Mary Meeker's annual internet trends report 2014 doesn't disappoint - its 164 slides are chock full of data points and insight into the most important consumer trends this year.
Mobile trends, especially in emerging markets, are most interesting to us so I'm pulling out a few graphs that highlight fast changes in those areas. (Full report is embedded at the end of the post.)
Smartphones are now so ubiquitous in the UK, US and other developed markets that it comes as a bit of a surprise that majority of the world mobile population is still on "dumb devices". These range from super old Nokias that only do calls and SMS to smart-ish Symbian phones with apps, internet browsers, etc.
Global smartphone penetration stands at 22% today, and with growing numbers of cheap Android handsets not only from well known brands like Samsung but also from regional players (Chinese Xiaomi, India's Micromax etc.) this is bound to change quickly over the next couple of years.
Mobile as a source of web traffic continues to grow quickly. Asia and Africa are driving the growth and will remain leaders when looking at how many people are yet to get a phone and come online. Note that the graph doesn't reflect mobile app usage, just pure web browsing.

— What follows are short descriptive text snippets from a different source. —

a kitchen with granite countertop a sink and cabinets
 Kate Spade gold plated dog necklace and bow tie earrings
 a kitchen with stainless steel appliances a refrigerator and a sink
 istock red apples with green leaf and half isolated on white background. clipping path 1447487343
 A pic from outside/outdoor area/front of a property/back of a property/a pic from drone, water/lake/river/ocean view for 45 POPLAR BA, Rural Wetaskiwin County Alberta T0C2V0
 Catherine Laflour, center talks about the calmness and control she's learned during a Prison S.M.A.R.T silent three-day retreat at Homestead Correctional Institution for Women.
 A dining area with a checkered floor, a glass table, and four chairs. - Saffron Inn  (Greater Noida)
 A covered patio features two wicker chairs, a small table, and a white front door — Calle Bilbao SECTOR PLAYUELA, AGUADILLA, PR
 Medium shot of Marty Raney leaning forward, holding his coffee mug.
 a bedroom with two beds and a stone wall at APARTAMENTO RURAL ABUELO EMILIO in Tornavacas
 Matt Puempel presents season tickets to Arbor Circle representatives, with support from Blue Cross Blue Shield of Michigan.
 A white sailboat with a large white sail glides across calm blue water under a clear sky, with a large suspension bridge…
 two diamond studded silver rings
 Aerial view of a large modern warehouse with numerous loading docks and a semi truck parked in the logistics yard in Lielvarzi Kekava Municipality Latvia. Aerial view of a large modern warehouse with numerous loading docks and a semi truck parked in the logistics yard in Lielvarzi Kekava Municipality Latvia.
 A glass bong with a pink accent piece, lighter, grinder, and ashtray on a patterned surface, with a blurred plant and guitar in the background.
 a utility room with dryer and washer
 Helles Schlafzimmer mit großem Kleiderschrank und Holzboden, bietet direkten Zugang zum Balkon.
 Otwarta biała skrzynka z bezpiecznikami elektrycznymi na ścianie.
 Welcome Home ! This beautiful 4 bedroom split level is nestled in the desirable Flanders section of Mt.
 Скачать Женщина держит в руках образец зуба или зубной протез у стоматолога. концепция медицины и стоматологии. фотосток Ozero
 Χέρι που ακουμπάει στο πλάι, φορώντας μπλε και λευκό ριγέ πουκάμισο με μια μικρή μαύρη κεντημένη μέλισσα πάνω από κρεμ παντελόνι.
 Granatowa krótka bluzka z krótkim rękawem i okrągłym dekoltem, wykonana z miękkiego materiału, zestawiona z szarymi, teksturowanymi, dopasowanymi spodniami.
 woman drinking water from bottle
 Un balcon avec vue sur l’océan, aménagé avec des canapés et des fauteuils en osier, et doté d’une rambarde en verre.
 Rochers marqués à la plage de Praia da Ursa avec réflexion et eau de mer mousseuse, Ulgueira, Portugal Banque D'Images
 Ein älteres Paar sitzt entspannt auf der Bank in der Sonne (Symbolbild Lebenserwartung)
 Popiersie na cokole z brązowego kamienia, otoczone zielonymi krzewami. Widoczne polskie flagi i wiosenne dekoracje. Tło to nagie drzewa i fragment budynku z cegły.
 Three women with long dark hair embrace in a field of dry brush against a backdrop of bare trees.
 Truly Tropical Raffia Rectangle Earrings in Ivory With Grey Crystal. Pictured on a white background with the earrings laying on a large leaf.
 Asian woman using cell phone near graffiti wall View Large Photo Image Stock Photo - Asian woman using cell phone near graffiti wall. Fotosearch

International Advertising Bureau estimates that mobile accounted for 20% of time spent in media in the US in 2013. However only 4% of advertising dollars were invested into mobile. The massive gap means that just in the US there's a $30B+ opportunity in mobile advertising.
Some of it can be put down to mobile being a relatively new medium, best practices in advertising haven't emerged yet etc. The challenge for brand advertisers is that until now there hasn't been a good way to measure the advertising effectiveness of mobile brand advertising.
WhatsApp and Snapchat have completely changed this graph in just two years. The way people share photos on these platforms is very different from Facebook and Flickr as well - the photos either self destruct (Snapchat) or disappear into the chat history very quickly. It's private, it's often one-to-one, and its short-lived photo sharing.
It's worth keeping in mind that Asian giants like WeChat, Line etc haven't broken out the number of photos being shared on their platforms but judging by the number of registered and active users their numbers could be in the same ballpark to WhatsApp and Facebook.
Will there be a similar explosion in video next?
A 30-country study on multi screen usage a few months ago revealed that mobile is now the first screen. Marketers and brands need to consider screen shifting, stacking and meshing to best reach their target audiences. See our in-depth post about multi screen usage.
Mobile share of online video time is rapidly growing, it now stands at 22%. A recent survey we conducted in Indonesia revealed that over 80% of mobile internet users have watched at least one video on their phone within the last week, 35% watch video on their phone several times a day.
Cheap smartphones flooding the market combined with tumbling mobile data prices and better coverage mean that strong growth in smartphone penetration and mobile internet usage will continue over the coming years. While mature markets are fairly saturated potential in emerging and growth markets is still huge.
Speaking of growing markets then China has it's own very interesting section in the report. China is already the mobile commerce leader with 400 million active users for mobile payments. The growth and potential there is simply mind boggling.